Message-Id: <199509131612.MAA02257@beach.w3.org>
To: murray.altheim@nttc.edu
Cc: Multiple recipients of list <www-html@w3.org>
Subject: Re: DTD Modularity [Was: Glue RFC] 
In-Reply-To: Your message of "Wed, 13 Sep 1995 10:39:38 EDT."
             <v02110102ac7c982aa839@[192.188.119.193]> 
Date: Wed, 13 Sep 1995 12:12:28 -0400
From: "Daniel W. Connolly" <connolly@beach.w3.org>

In message <v02110102ac7c982aa839@[192.188.119.193]>, Murray Altheim writes:
>>In message <11900.9509121029@afs.mcc.ac.uk>, lilley writes:
>>>Dan Connolly <connolly@beach.w3.org> said:
>>
>>I'd love to see a nice, clean, formally specified mechanism for all future
>>HTML evolutional changes. But I haven't. It's really that simple.
>
>Dan (possibly Joe English??),
>
>Is there some type of feature in SGML that allows for document modularity?
[...]
>If such a software mechanism doesn't exist to support the formal
>specification process, maybe this is the tool we need to be creating.

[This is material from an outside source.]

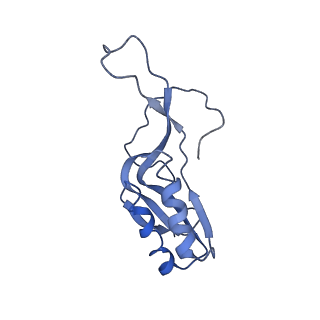 8369_5t7v_LP_v1-4
Methicillin Resistant, Linezolid resistant Staphylococcus aureus 70S ribosome (delta S145 uL3)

This is not in the charter of html-wg, so I'm replying on www-html.

SGML has some DTD modularity/re-use mechanisms: parameter entities and
marked sections. They have nearly the same expressive power as the C
mechanisms of #define and #include -- the difference is that #define
can take arguments, and parameter entities cannot.

So building a nice, modular DTD is akin to building nice, modular C
programs: it's messy as all hell. (witness: "I'll put Tk_ before all
global names in my project. I hope there are no collisions." And
that's an example of an *extremely well engineered* C library) SGML is
worse than C in that (1) there are no local names (well, except maybe
attribute value enumerations) and (2) there's no separation of
"declarations" from "definitions".

I've done much cogitating on the idea of specifying HTML as a straight
context free grammar in s-expressions:

	(html -> head body)
	(head -> head-start? head-elt* head-end?)
	(head-start? -> )
	(head-start? -> <HEAD>)
	(head-elt* -> )
	(head-elt* -> head-elt* head-elt)
	(head-elt -> title-elt)
	(head-elt -> meta-elt)
	...

and using scheme/lisp to (1) condense the grammar down to a manageable
set of declarations by making up some notation, and (2) process the
grammar and build first/follow tables and such.

Who knows: we might even end up with an STk based direct-manipulation
grammar editor. I wouldn't be surprised such a beast already exists,
and we could just use it.

Dan